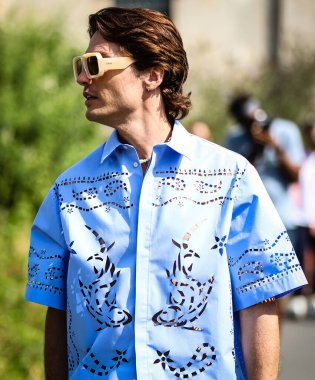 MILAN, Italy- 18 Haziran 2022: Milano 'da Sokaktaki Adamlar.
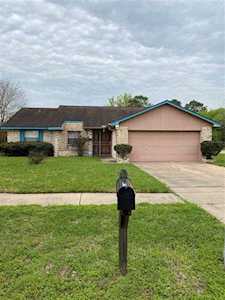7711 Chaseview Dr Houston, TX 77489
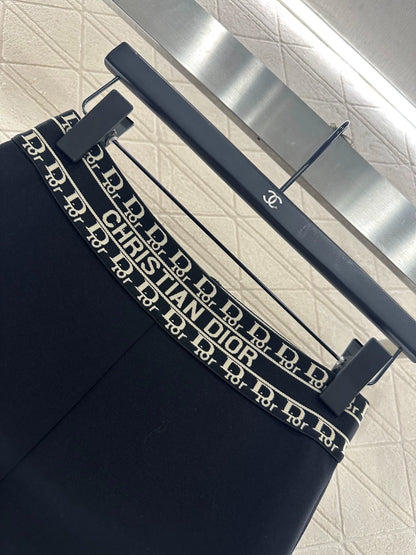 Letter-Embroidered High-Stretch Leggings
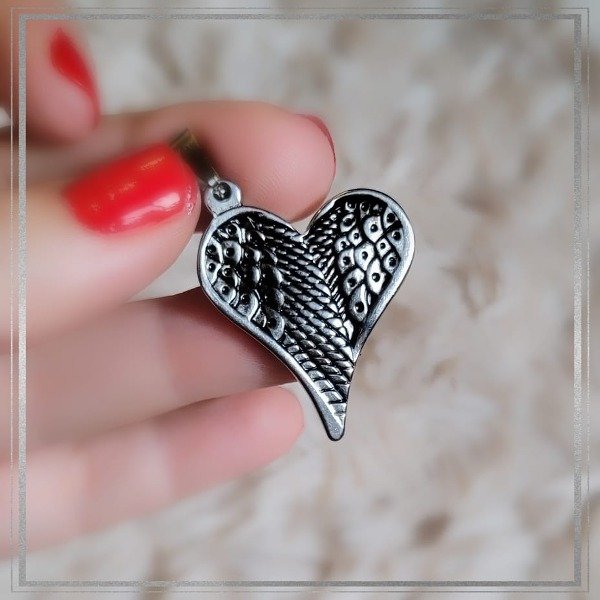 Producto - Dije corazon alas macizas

============================================================

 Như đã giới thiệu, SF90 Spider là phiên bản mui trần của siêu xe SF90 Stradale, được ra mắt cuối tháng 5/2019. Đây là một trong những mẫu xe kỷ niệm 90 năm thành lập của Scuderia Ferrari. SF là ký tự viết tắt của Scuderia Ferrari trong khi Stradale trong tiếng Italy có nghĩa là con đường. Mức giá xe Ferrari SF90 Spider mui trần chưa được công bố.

============================================================

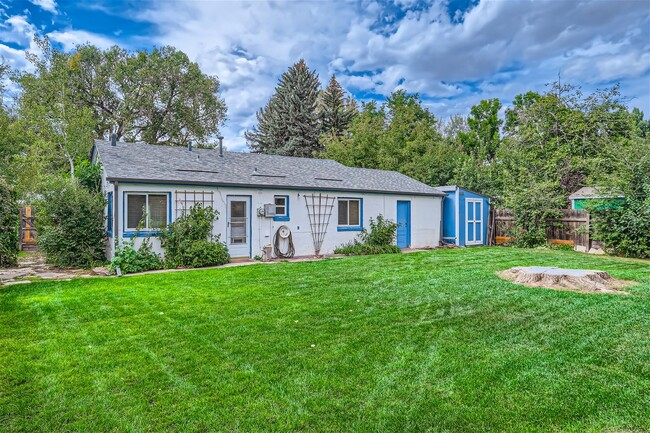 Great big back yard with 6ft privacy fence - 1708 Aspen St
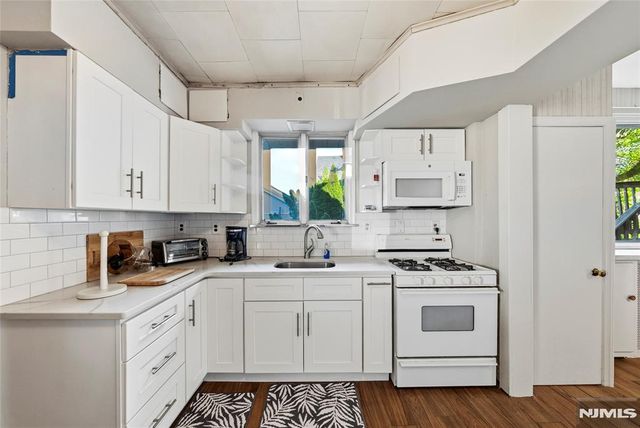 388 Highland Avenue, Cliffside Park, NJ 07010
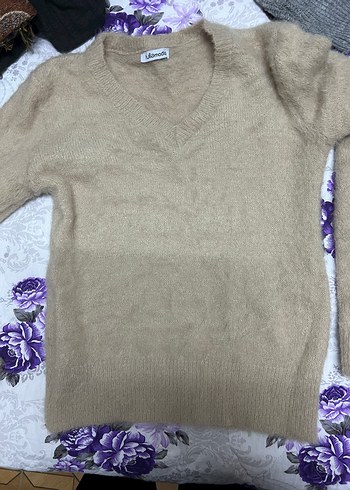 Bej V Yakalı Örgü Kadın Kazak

============================================================

**PROBLEM REQUIREMENTS:** In the data above, start at the line holding "MILAN, Italy- 18" and stop after the line holding "Producto - Dije corazon alas macizas"; write out those lines exactly, without pictures.

**ANSWER BOX:**
 MILAN, Italy- 18 Haziran 2022: Milano 'da Sokaktaki Adamlar.
7711 Chaseview Dr Houston, TX 77489
 Letter-Embroidered High-Stretch Leggings
 Producto - Dije corazon alas macizas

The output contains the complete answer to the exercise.